Generalized Signal Alignment: On the Achievable DoF for Multi-User MIMO Two-Way Relay Channels

TL;DR

This paper introduces generalized signal alignment to achieve the maximum degrees of freedom in multi-user MIMO two-way relay channels, expanding understanding of optimal configurations for various exchange patterns.

Contribution

It proposes a new transmission framework called generalized signal alignment, enabling the achievement of the DoF cut-set bound in broader antenna configurations.

Findings

Achieves the DoF upper bound for specific antenna ratios in various multi-user MIMO relay channels.

Derives tighter DoF upper bounds for special cases of the channel model.

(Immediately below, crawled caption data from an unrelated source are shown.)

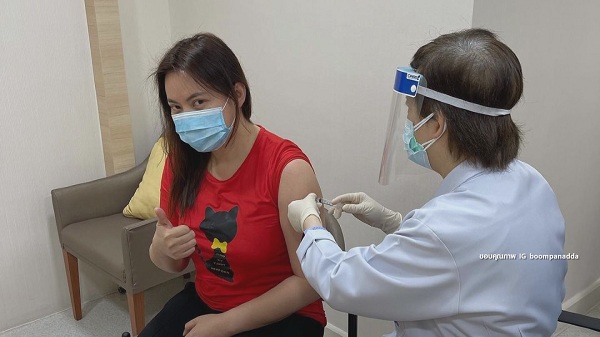 “บุ๋ม” รับวัคซีนโควิด / บอม ธนิน ยังไม่ฉีดวัคซีน   (มีคลิป)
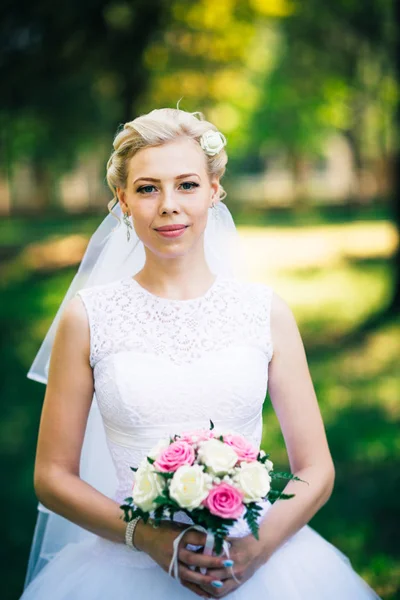 Porträtt bruden på bakgrunden av parken — Stockfoto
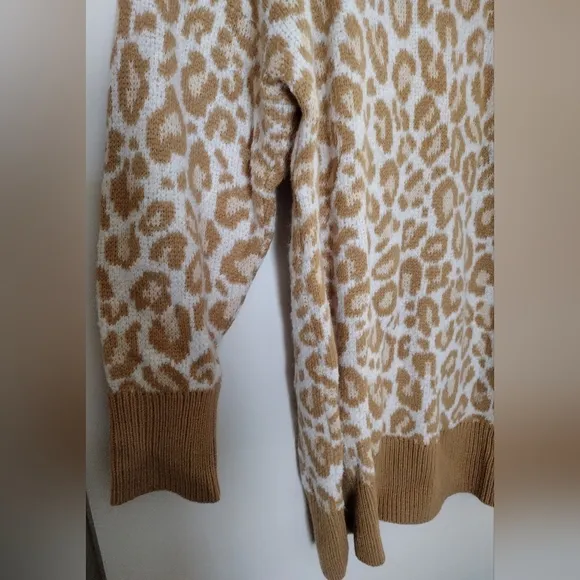 Torrid animal print sweater size 2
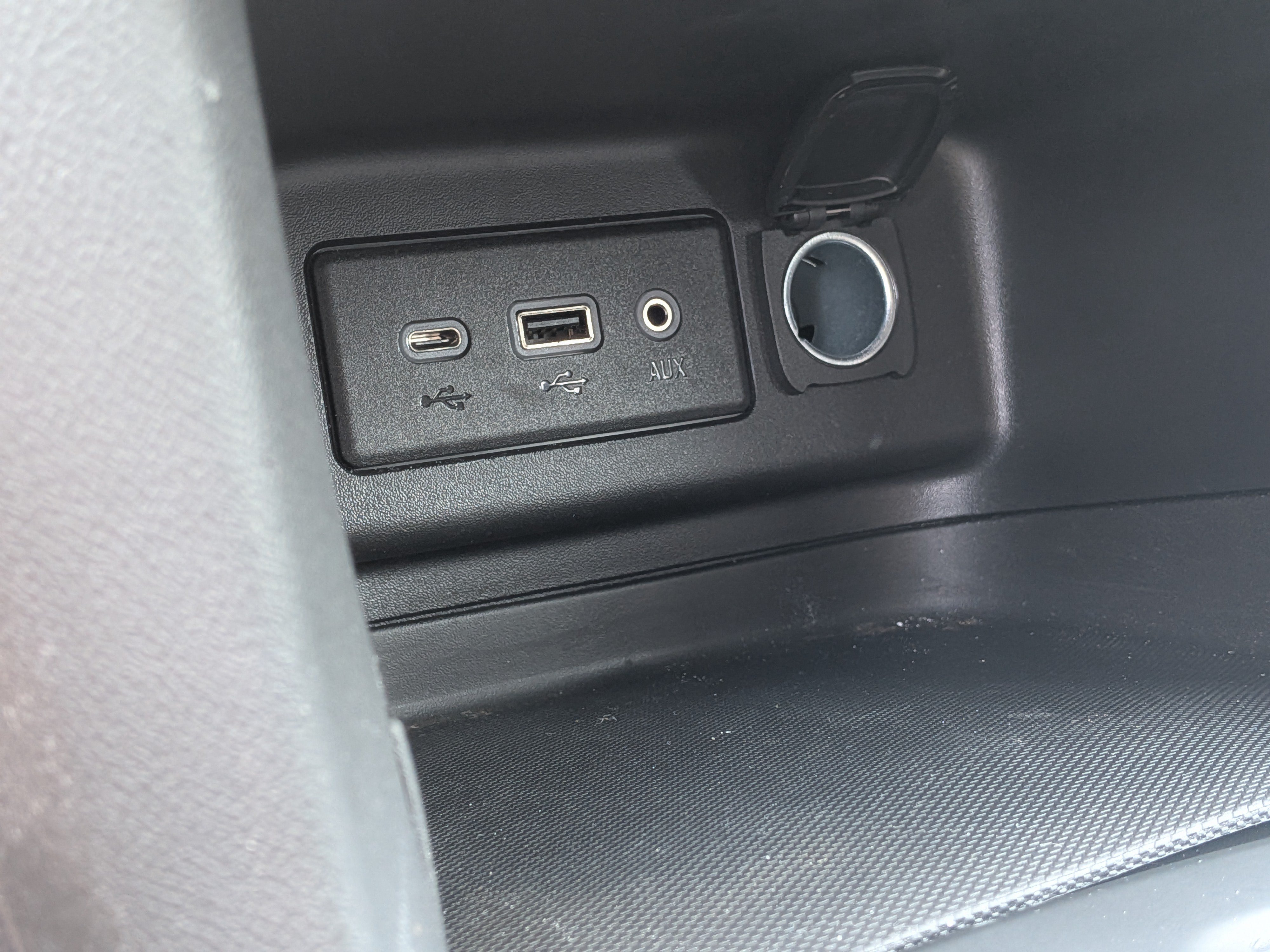 Used 2024 Chevrolet Equinox LT FWD image 31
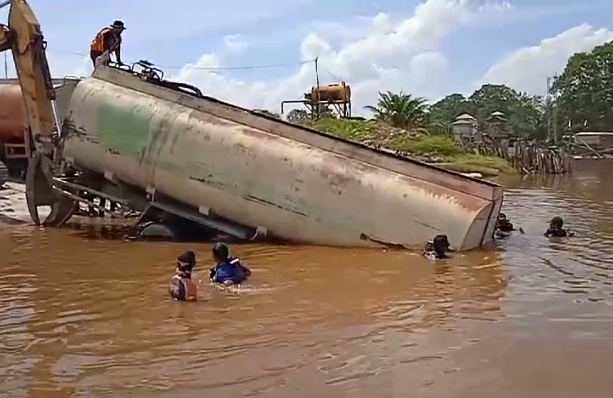 Truk Tangki CPO Terperosok ke Sungai Kampar, Sopir Meninggal Dunia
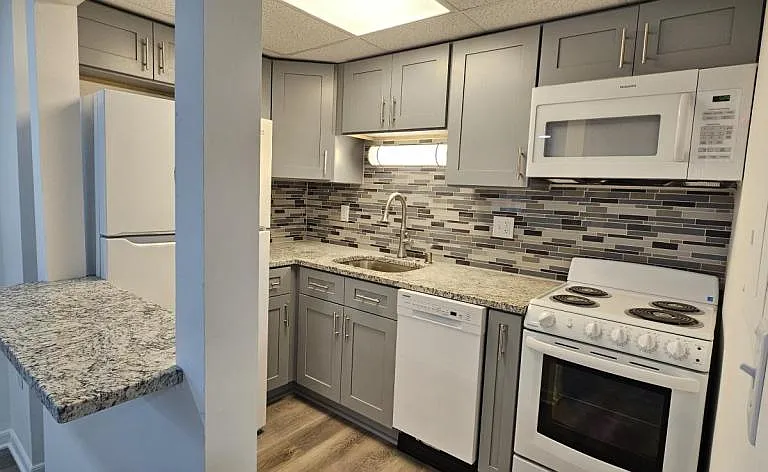 218 N Main St #22 — Photo 4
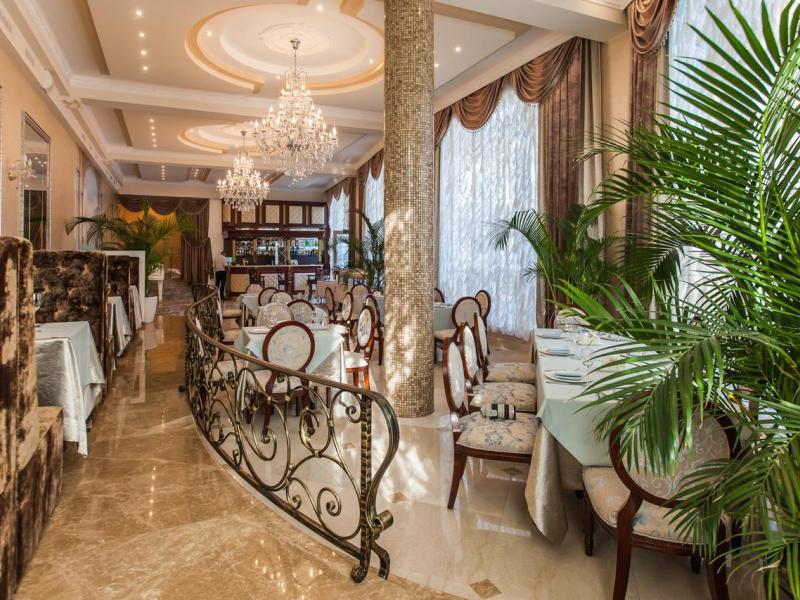 Green House Detox & Spa Hotel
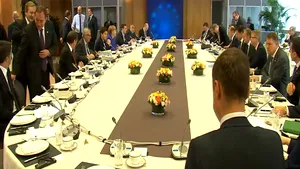 CONSILIUL EUROPEAN Final de summit la Bruxelles. Iohannis: Am adoptat o Declaraţie comună a celor 27 de membri. Marea Britanie îşi păstrează statutul de membru, pînă la părăsirea oficială UPDATE - VIDEO 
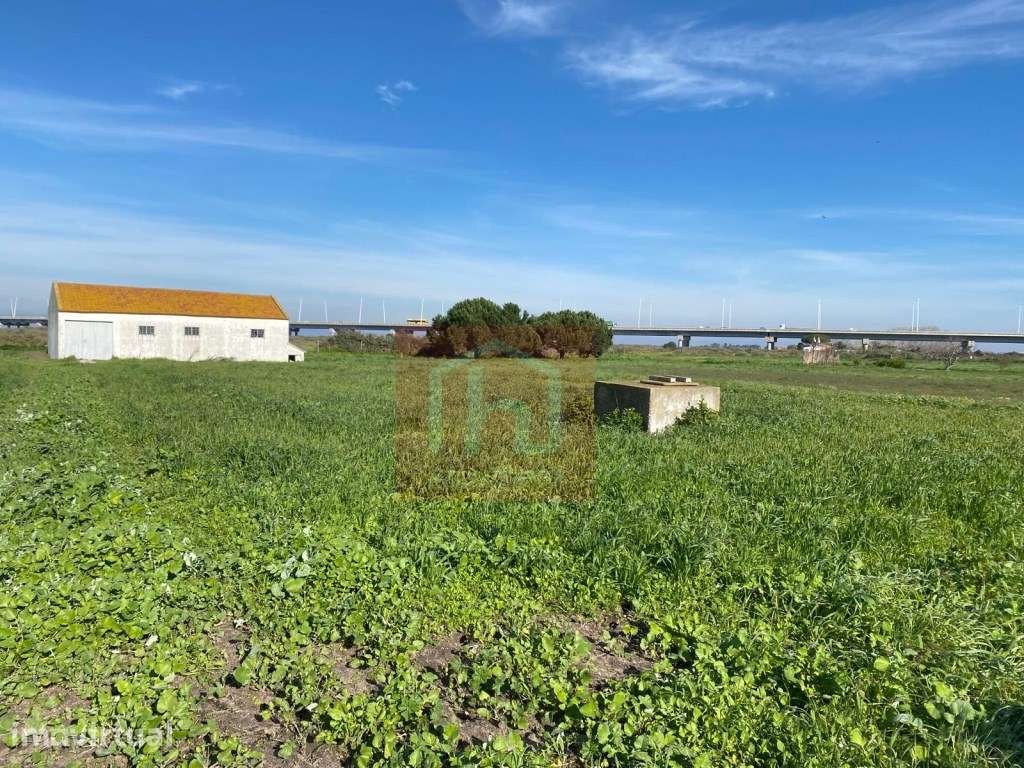 Terreno rústico com 9480 m2 no Samouco - Grande imagem: 4/22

Provides antenna configuration regions for optimal DoF in general multi-user MIMO channels.

Abstract

This paper studies the achievable degrees of freedom for multi-user MIMO two-way relay channels, where there are $K$ source nodes, each equipped with $M$ antennas, one relay node, equipped with $N$ antennas, and each source node exchanges independent messages with an arbitrary set of other source nodes via the relay. By allowing an arbitrary information exchange pattern, the considered channel model is a unified one. It includes several existing channel models as special cases: $K$-user MIMO Y channel, multi-pair MIMO two-way relay channel, generalized MIMO two-way X relay channel, and $L$-cluster MIMO multiway relay channel. Previous studies mainly considered the achievability of the DoF cut-set bound $2N$ at the antenna configuration $N < 2M$ by applying signal alignment. This work aims to investigate the achievability of the DoF cut-set bound $KM$ for the case $N\geq 2M$. To this end, we first derive tighter DoF upper bounds for three special cases of the considered channel model. Then, we propose a new transmission framework, generalized signal alignment, to approach these bounds. The notion of GSA is to form network-coded symbols by aligning every pair of signals to be exchanged in a compressed subspace at the relay. A necessary and sufficient condition to construct the relay compression matrix is given. We show that using GSA, the new DoF upper bound is achievable when i) $\frac{N}{M} \in \big(0, 2+\frac{4}{K(K-1)}\big] \cup \big[K-2, +\infty\big)$ for the $K$-user MIMO Y channel; ii) $\frac{N}{M} \in \big(0, 2+\frac{4}{K}\big] \cup \big[K-2, +\infty\big)$ for the multi-pair MIMO two-way relay channel; iii) $\frac{N}{M} \in \big(0, 2+\frac{8}{K^2}\big] \cup \big[K-2, +\infty\big)$ for the generalized MIMO two-way X relay channel. We also provide the antenna configuration regions for the general multi-user MIMO two-way relay channel to achieve the total DoF $KM$.